We stare at each other, only a few feet apart, with no barriers between us. For a few seconds, no one makes a move. Then the gorilla breaks the tension by reaching out for a branch and sticking it in his mouth. He munches away, his eyes still on us, and I realize that this is no dream.
For the longest time, visiting the mountain gorillas in Virunga National Park has been a fantasy for most people. Unlike in Rwanda, where more than 25,000 tourists go gorilla trekking annually, political instability kept the number of such visitors to neighboring Congo in the 500-1,000 range for the five years before 2012, when war reduced it to zero.
Virunga is the oldest national park in Africa, established by the Belgians in 1925, and now a UNESCO World Heritage Site. It boasts glaciers in the north, tropical rain forests, savanna and active volcanoes and is home to about a quarter of the world’s remaining mountain gorillas. But up until last year, it was also occupied by rebel groups that have killed more than 140 rangers in the past decade, a statistic that is less than reassuring for most travelers, no matter how adventurous. Even with the fighting on pause, only the Mikeno region, in an area that covers more than 2 million acres, is easily accessible to tourists.
Before arriving in August, what I knew about war-ravaged Congo (also known as the Democratic Republic of the Congo) was what anyone with access to the Internet knows: Civil war. Sexual violence. Child soldiers. There’s not a single person who thinks that my visiting this country is a good idea, least of all my family. My mother is worried about the gorillas, my father about the guerrillas and my grandmother thinks that I’ll come back with Ebola — even though at that point, the cases in Nigeria are more than 1,000 miles away. My friends are convinced that I’ll find a nice warlord on Tinder and end up chained to a (non-working) refrigerator.
But once I arrive in Goma, the location of the country’s most recent conflict, what I experience isn’t a sense of danger or hostility. It’s pure chaos. Every road — most unpaved and lined with lava rock from the volcanic eruption in 2002 — is swarming with cars, people, motorcycles and wooden bikes called tsukudus, which are used as expertly balanced wheelbarrows to transport literally anything. I watch my friend Caitlin, who works here with a humanitarian organization, expertly dodge people who dash across the road as if they’re playing real-life Frogger, and seriously admire her nerves of steel.
The outdoor market is a sea of hands as vendors try to direct your attention to the goat meat hanging from the beams in the ceiling, to fresh fruit, vegetables, souvenirs, you name it. Everyone on the street is selling something, whether it’s credit for your cellphone or a colorful coffin. Electricity comes and goes. Warm water is a rare luxury that appears at random times in the day — or not. With almost no infrastructure in place for anything, even the simplest errand quickly turns into a project. In this place, man makes plans, and Congo laughs.

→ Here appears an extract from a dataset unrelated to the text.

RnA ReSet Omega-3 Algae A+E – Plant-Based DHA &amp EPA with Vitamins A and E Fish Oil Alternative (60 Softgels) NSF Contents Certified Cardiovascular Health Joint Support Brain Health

After the chaos of Goma, Mikeno Lodge in Virunga is a welcome reprieve. An hour and a half outside town, the main lodge greets you with absolute silence, apart from the occasional birdcall or the rustle of monkeys overhead. Built with the help of funding from the European Union, Mikeno Lodge has 12 private bungalows with tall ceilings, each with its own fireplace, as well as a bathtub and a shower where hot water is plentiful. The black millipedes that find their way into your room remind you that you’re in the jungle, not a zoo, and the baboons that dash across your front lawn send the same message, only louder.
The lodge is also home to the world’s only orphanage for gorillas that have been targeted by poachers or traffickers. Because Caitlin and I arrive late in the day, the four orphans currently at the lodge are no longer playing outside, so we get a private tour of their cage. We wear surgical masks to protect the animals from germs and stand so close that we can almost touch them. I take a step toward the bars to take more pictures and get a stern warning in French. I don’t understand the words, but the tone is impossible to misinterpret: Stay back.

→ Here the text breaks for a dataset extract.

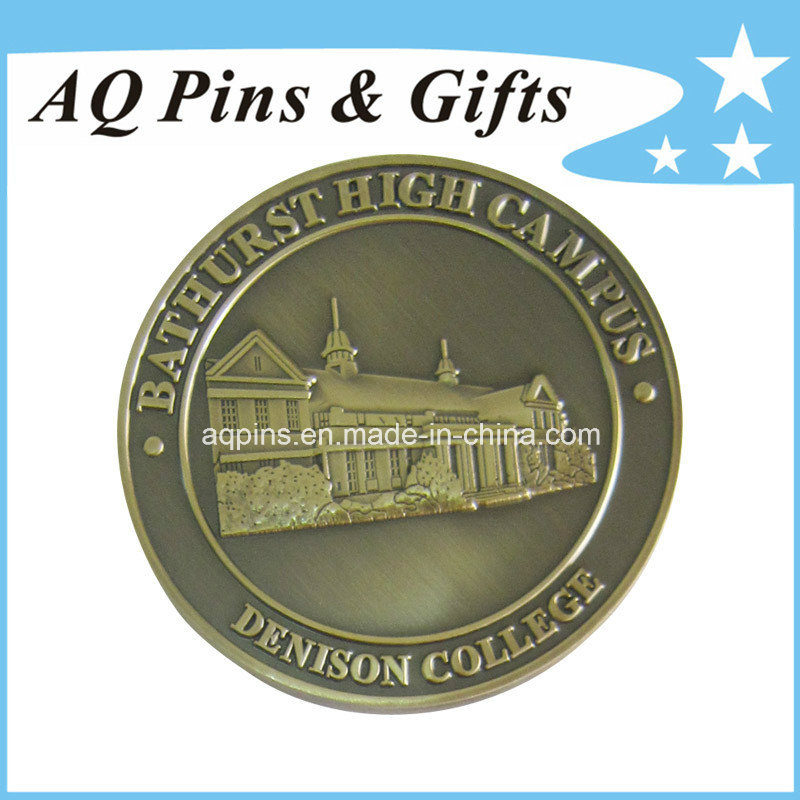 Souvenir Coin with Antique Bronze Plating No Colour, Challenge Coin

At sunrise the next day we take off for Bukima, where our gorilla trek will begin. To save $200, Caitlin and I decide to drive our own vehicle and follow the park’s Land Rover. Driving up the hill, we discover that this isn’t the best idea we’ve ever had. The stress of driving up the rocky path — which isn’t so much a road as a set of tire marks on the ground — is made worse by the fact that our car’s continuously pursued by kids from the villages along the trail. They laugh and shriek as they try to touch it. I turn around, my eyes widening when I realize that we’re driving with a young boy clinging to our spare tire. We grind to a halt to yell at the kids, which results in two minutes of reprieve before they’re back. I may be freaking out, but after a week in the Congo, I’ve come to realize that no one here fears mounting a moving vehicle. This country has turned surfing the freeway into a national sport.
Only a few feet before reaching the park gates, our car indicates that it has trekked far enough. We have a flat front tire. Caitlin and I must both look pretty inconsolable, because the rangers do everything they can to reassure us that everything will be fine and offer to change our tire while we do the gorilla trek.
Into the jungle
There are four of us trekking today, and we’re being split up. The two other tourists will trek to see the Humba family, which consists of six individuals, and Caitlin and I will join two rangers up the ridge to see the Kabrizi and Nyakamwe gorillas, who have recently joined forces to form a family of 28. (In Rwanda, similar treks can be made by up to 80 tourists a day, split into groups of 10.)
After a briefing in French about wearing a mask around the gorillas, staying about 20 feet away, stepping back if one approaches and crouching down if we feel threatened, we start making our way through potato fields and cornfields, past villages where the adults greet us with a shy “Jambo,” and their fearless kids bounce up and down, letting out a shrill, “Bolbo! Bolbo!” “Does it mean white person?” I ask our ranger, Oskar.
“It means water bottle,” he smiles. “Don’t give it to them. They’ll just end up fighting each other.”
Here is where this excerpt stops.